Data supplied -
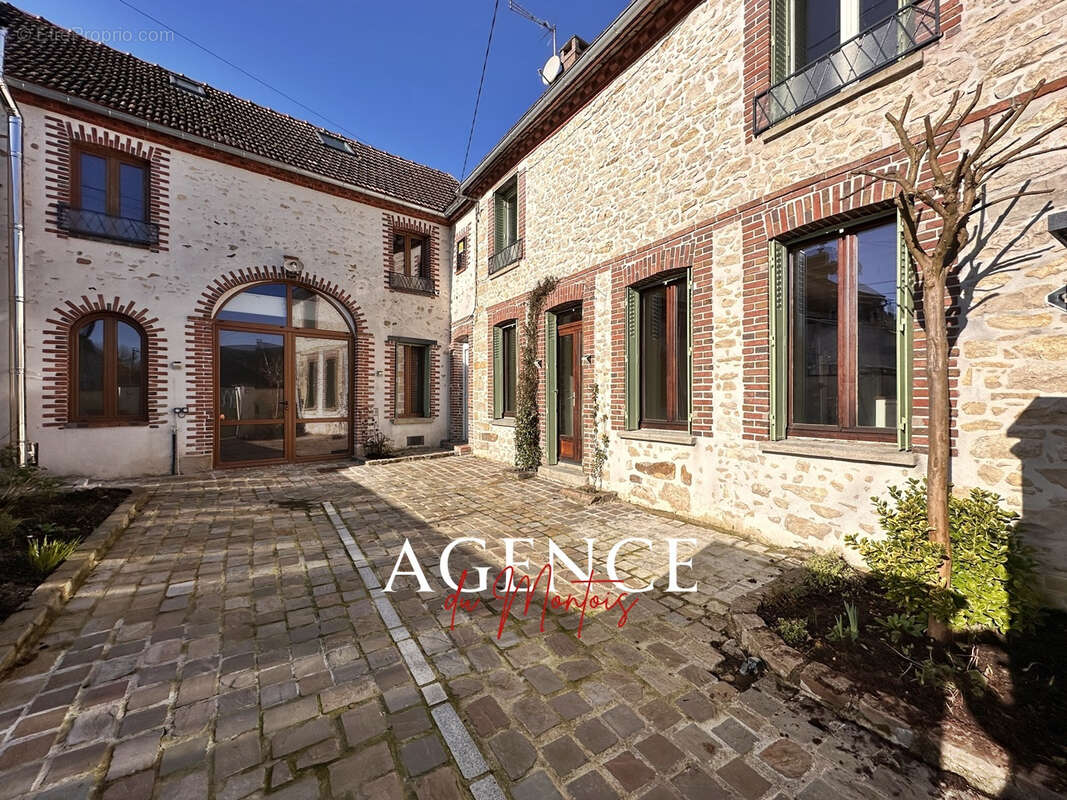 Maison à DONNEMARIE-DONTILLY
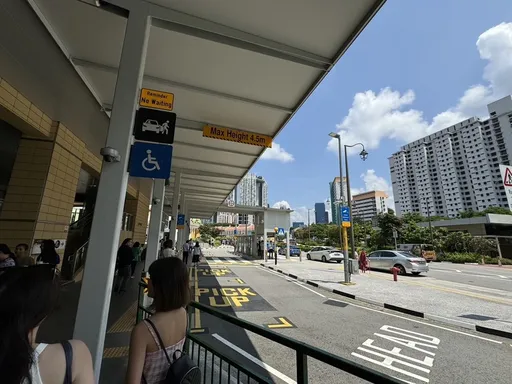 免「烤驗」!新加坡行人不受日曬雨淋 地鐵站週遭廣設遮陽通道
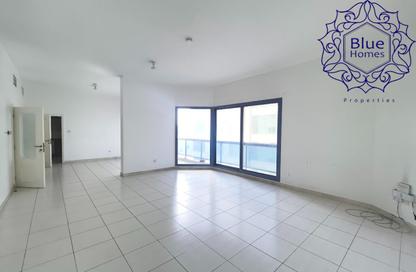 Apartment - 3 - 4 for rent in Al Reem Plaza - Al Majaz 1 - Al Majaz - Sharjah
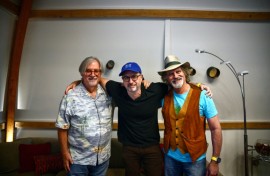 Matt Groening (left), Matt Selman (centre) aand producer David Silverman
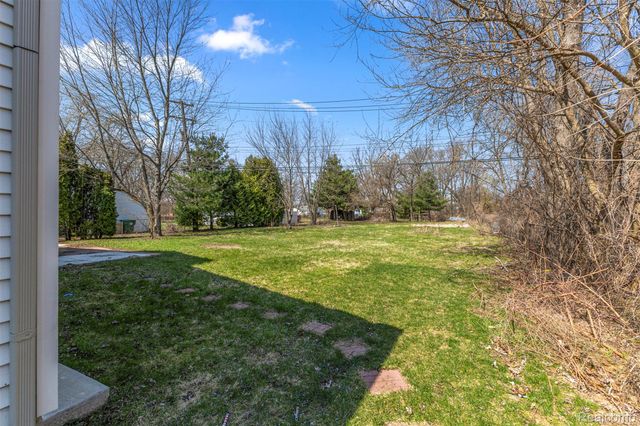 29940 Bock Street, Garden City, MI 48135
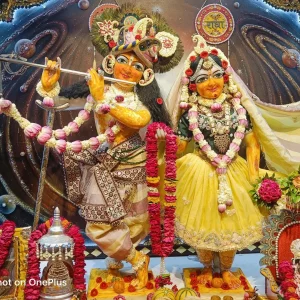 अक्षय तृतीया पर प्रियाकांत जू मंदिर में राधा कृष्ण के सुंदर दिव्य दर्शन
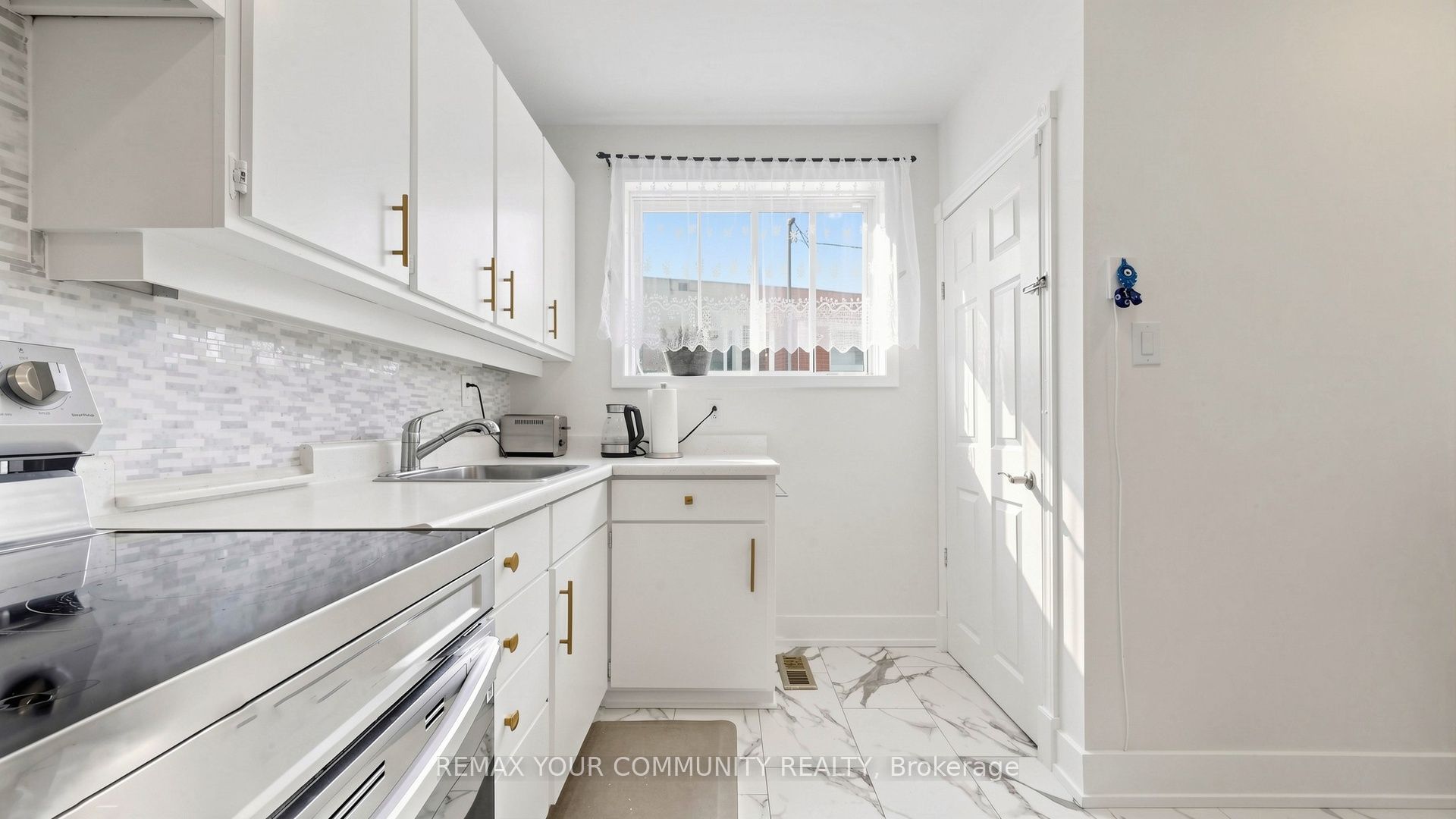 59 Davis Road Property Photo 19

==

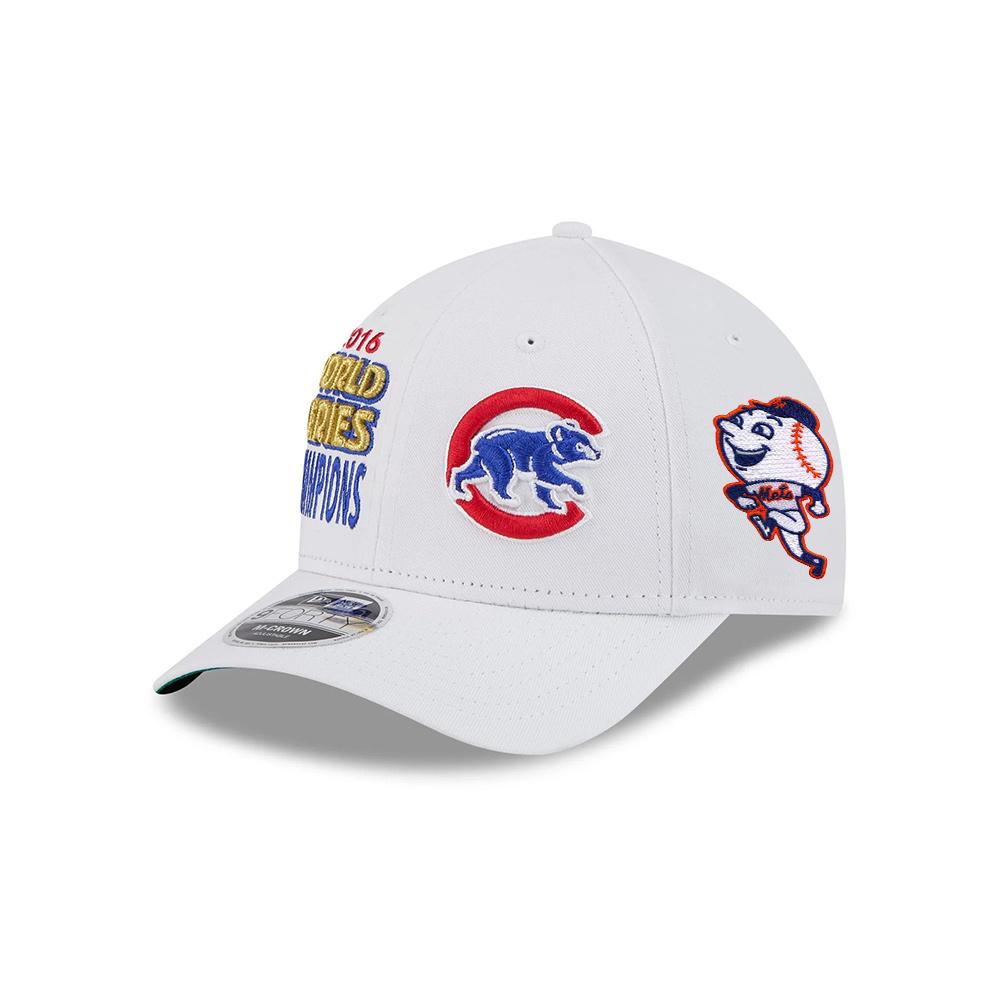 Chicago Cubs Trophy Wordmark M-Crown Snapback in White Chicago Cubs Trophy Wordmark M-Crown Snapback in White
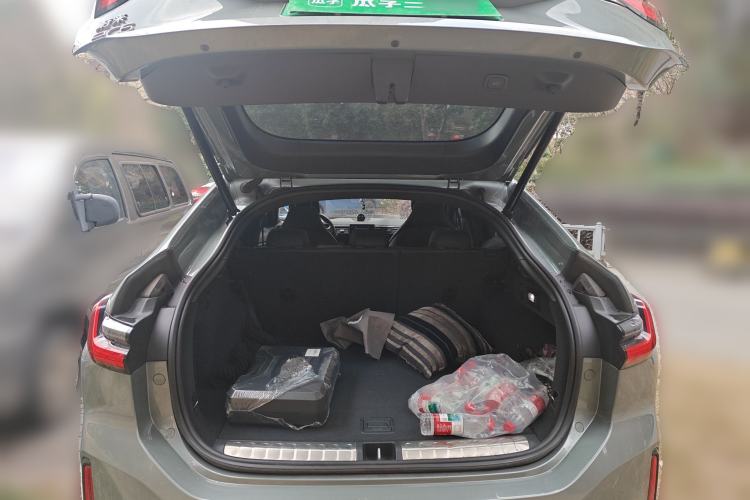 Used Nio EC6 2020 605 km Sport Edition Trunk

==

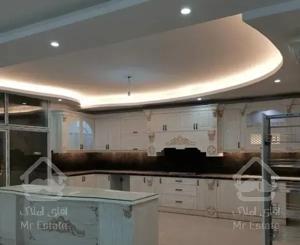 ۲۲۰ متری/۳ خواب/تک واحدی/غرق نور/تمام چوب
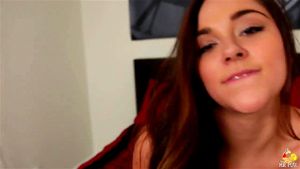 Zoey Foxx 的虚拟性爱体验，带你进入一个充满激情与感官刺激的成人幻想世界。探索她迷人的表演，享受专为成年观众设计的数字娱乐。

What the exercise asks - Although the records hold pictures, the copy must not; give again exactly the lines from the one with "अक्षय तृतीया पर" through the one with "59 Davis Road Property Photo 19".

Answer to this problem -
 अक्षय तृतीया पर प्रियाकांत जू मंदिर में राधा कृष्ण के सुंदर दिव्य दर्शन
 59 Davis Road Property Photo 19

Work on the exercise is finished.